China Update Morgan Stanley

Slowly getting back to normal, Worries outside of China the bigger concern

Daily power coal consumption of the six major power generation groups was down by 2.6% DoD, reaching 58% of pre-Lunar New Year (LNY) levels, well below ~90% at this point during normal years. On an actual YoY basis (i.e., same date), growth edged down to -37% on Feb 24 (vs. -36% on Feb 23 and -15% YTD).


“Return to work” traffic improving steadily: Passenger traffic rose to 15.4mn on Feb 24, with DoD growth accelerating to 4% from the average of 2.6% over the past week, suggesting improving return-to-work traffic. Among people who left tier-1 and tier -2 cities during the two weeks before LNY, 47% have returned (vs. 45% and 44% on Feb 23). In the first day of week 3, intra-city traffic congestion narrowed its YoY decline compared with workdays in similar periods last year, to -27% (vs. avg. of -30% post Feb 9).

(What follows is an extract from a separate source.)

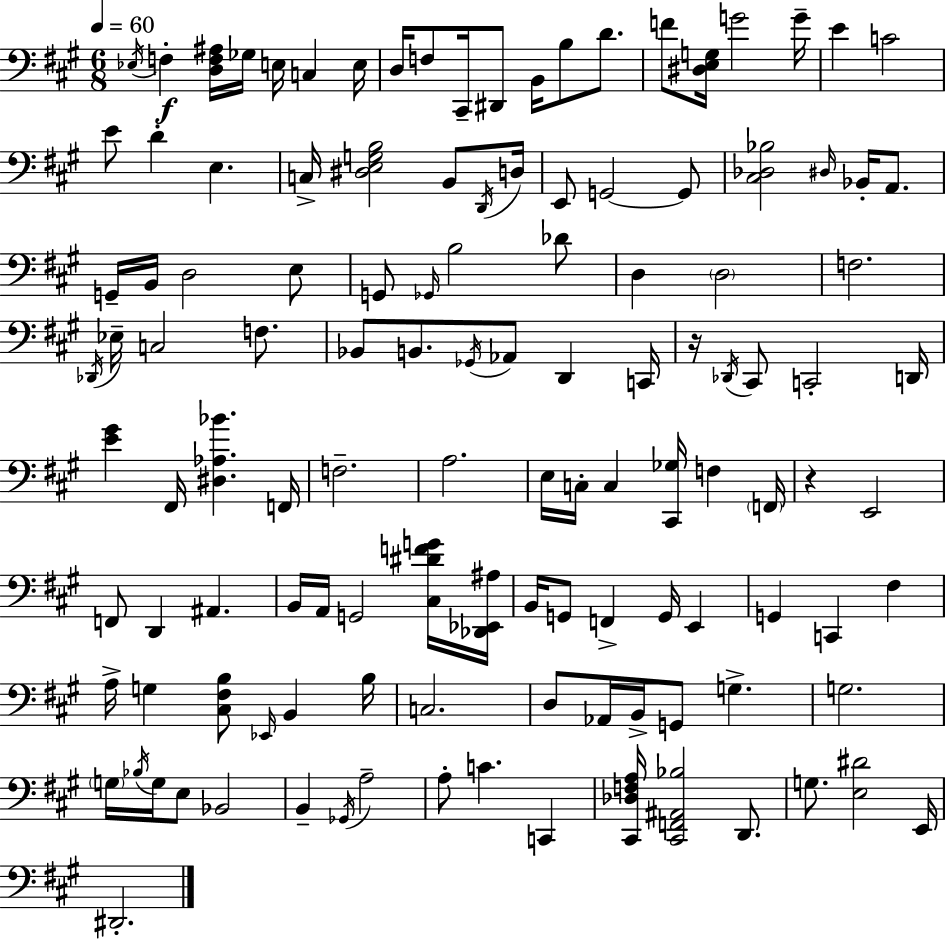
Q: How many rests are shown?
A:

More provinces adjusted down emergency response levels: The Politburo classified all regions into low-risk, medium-risk and high-risk categories, urging for full and orderly production resumption in low-risk and medium-risk regions. Over the past 24 hours, three more provinces – Jiangsu, Guangxi, and Guizhou – have lowered their level of Emergency Response Mechanism from level I (highest and most restrictive) to Level II & III, which means less restriction on production resumption and traffic normalization. Currently, provinces that have de-escalated account for 33% of national GDP.

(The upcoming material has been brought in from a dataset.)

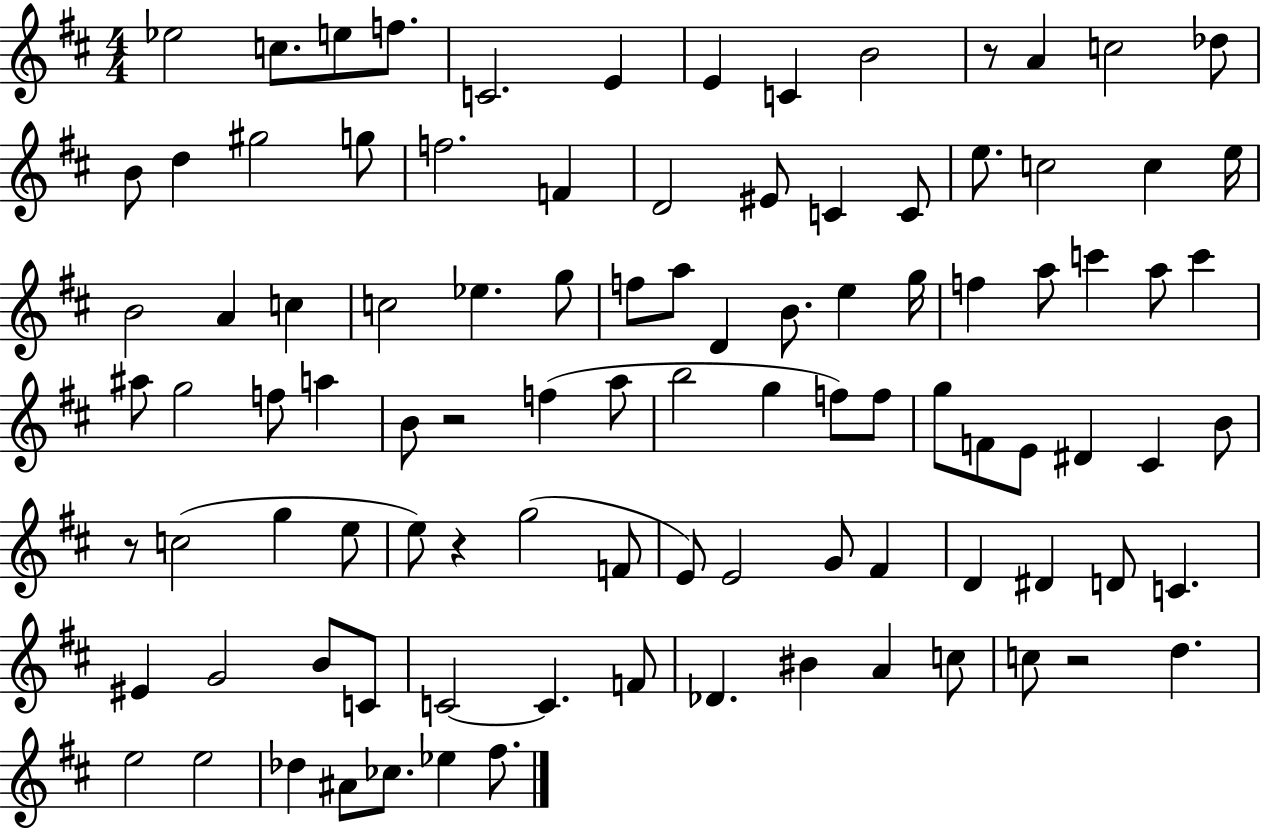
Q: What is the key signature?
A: D major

City-specific property easing on the demand side: The China Zheshang Bank lowered the mortgage down payment ratio for first-time home buyers from 30% to 20% in cities that do not have house purchase restrictions, marking the first commercial bank to take up such measure. That said, we believe this only indicates some city-specific easing, as the PBoC’s 4Q Monetary Policy Implementation report reiterated “houses are for living not speculating”, and the PBoC deputy governor said on Feb 23 that mortgage interest rates would remain at current levels despite the recent LPR cut.